Childhood wasn’t seen in those days as an ideal time of innocence, a time of play and wonder.  Children were basically necessary nuisances; they could not contribute anything to their own upkeep until they were old enough to earn a living.  I’m sure their parents loved them, because that’s true in every time and place, with the horrific exceptions we see in the news about kids being abused or neglected.  But families didn’t revolve around them, and they had no say in what happened to them.  They were completely at someone else’s mercy, completely dependent on someone else to provide for them.

Jesus tells the disciples that welcoming someone who has the position in our world that was occupied by children in his was equivalent to welcoming Jesus.  What he meant was, “True greatness in the kingdom of God is measured by becoming a servant, welcoming and serving the lowest of the low as though you were welcoming and serving me.”

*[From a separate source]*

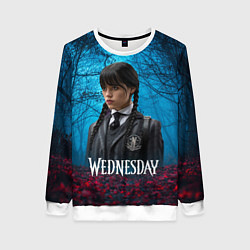 Свитшот женский Wednesday таинственный лес, цвет: 3D-белый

He says something similar in Matthew 25, that the ones elevated to honor in the last judgment would be the ones who offered food, water, clothing, shelter, and compassion to “one of the least of these who are members of my family,” because by serving folks who were in need but overlooked they were serving Jesus.

And he demonstrated in dramatic fashion in John 13 how he wanted Christians to be in the world, by wrapping a towel around himself, getting down on the floor, and washing the disciples’ dirty, callused feet.

Jesus would not insist on a place of honor at the head table.  What would his followers do?

Jesus would not require that everyone address him by a fancy title.  What would his followers do?

Jesus wouldn’t say, “That’s not my job,” when a less-than-prestigious task needed to be done.  What would his followers do?

Jesus would never mistreat a cashier, a server, a person our society allows people to mistreat.  What would we do?


[1] Mark doesn’t say anything about the group of wealthy women Luke tells us traveled with Jesus and supported the disciples with their own resources.  See Luke 8:1-3.

[2] Harry B. Adams, “Pastoral Perspective on Mark 9:30-37,” Feasting on the Word:  Preaching the Revised Common Lectionary, Year B, Volume 4, ed. David L Bartlett and Barbara Brown Taylor (Louisville, KY:  Westminster John Knox Press, 2009), 94.